Firefox 19 also brings a number of developer-related goodies, including debugger support for pausing on exceptions, a Remote Web Console for connecting to Firefox for Android or the Firefox OS, and the capability to open Web Console CSS links in the Style Editor. (Free, 37.2 MB, release notes)
Say what you will about the numbering scheme, but "as confusing as possible" is absurd. What's less _confusing_ than increasing by 1 per iteration? What, 18 going to 19 is more confusing than, for example, 10.3.2 going to either 10.3.3 or 10.4 or 11.0? Hmmm, I think not.
The standard approach to version numbering is X.Y.Z, where X is a major release, Y is a minor release, and Z is a bug fix with no feature changes.

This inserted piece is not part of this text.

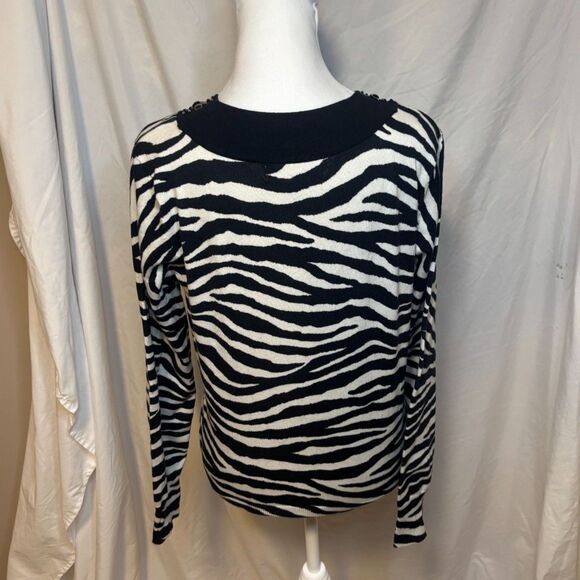 Michael Kors Zebra Stripe V Neck Studded Sweater Womens Embellished Long Sleeve - Picture 4 of 6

In an effort to keep up with Chrome (which has its own wonky version numbering scheme, but does everything with silent updates so users are never exposed to the version number) and Internet Explorer (which has had more major releases), Mozilla instead is doing Y.0.Z, where everything is a minor release and sometimes there's a bug bad enough to require fixing before the next minor release.
The beauty of the standard approach is that it makes it easy to understand the importance of any particular update, from the present back through the entire history of the application. This was a big one, that one just added a few minor features, this other one merely fixed some underlying bugs, and so on.
With Mozilla's approach, every new version of Firefox looks like it's a big deal until you read the release notes and realize that it's yet another minor release. What happens if they ever actually have a big release? Will everyone have to guess that the jump from 21 to 22 was just massive, while the move from 20 to 21 and from 22 to 23 were really minor?
Perhaps it's not directly related, but Firefox's share of the browser market has slowly declined since Mozilla first released Firefox 4 in 2010 and started down the path of small releases masquerading as large ones.